Vers une co-construction d'un nouveau texte
Suite au retrait de la proposition de loi Yadan par les députés Renaissance, Aurore Bergé, la ministre déléguée à la Lutte contre les discriminations, a organisé une réunion le 28 avril. L'objectif est de concevoir un nouveau projet de loi anti-antisémite en collaboration avec les différents groupes parlementaires. Lors d'une conférence de presse, Bergé a affirmé : "Je porterai un projet de loi solide et méthodique contre les formes contemporaines de l'antisémitisme".
Cette décision fait suite à des critiques majeures vis-à-vis du texte proposé par la députée Caroline Yadan, qui visait à renforcer la lutte contre l'antisémitisme. Selon les sources gouvernementales, le nouvel ambitieux projet de loi doit être présenté lors du Conseil des ministres avant l'été 2024. Bergé met l'accent sur la nécessité de créer un dialogue apaisé autour de ce sujet, invitant tous les partis à apporter leur contribution.
Une volonté de réunir les voix
Aurore Bergé a exprimé sa volonté de rassembler toutes les forces politiques autour de la lutte contre l'antisémitisme, en déclarant : "Tous les groupes seront les bienvenus". Elle a précisé que des propositions antérieures, issues des travaux de Yadan et des assises de lutte contre l'antisémitisme, seront considérées dans le processus de co-construction.
Les retombées de la manifestation du 7 octobre 2023, où l'antisémitisme a refait surface de manière alarmante, sont encore visibles. Bergé souligne qu'il est crucial d'émettre un message clair concernant la détermination de la France à combattre ce fléau.
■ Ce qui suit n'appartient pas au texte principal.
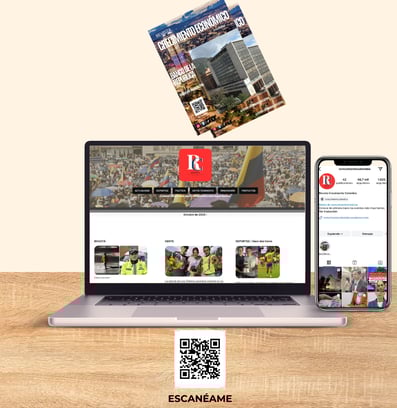 Revista crecimiento económico colombia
Les discussions de la réunion de cette semaine auront pour objectif d'explorer des pistes innovantes pour formuler un texte juridiquement solide.
Un appel à la responsabilité politique
Face à ces enjeux, il est impératif que les travaux soient menés dans un esprit de respect mutuel. Alors que certains groupes, comme La France Insoumise, annoncent leur absence à cette concertation, Bergé regrette cette décision, soulignant que l'antisémitisme est une problématique qui doit transcender les clivages politiques.
En conclusion, la ministre a réaffirmé que l'engagement de toutes les parties est vital pour un avenir serein et libre d'antisémitisme en France, promettant que ce processus sera ouvert, transparent et constructif.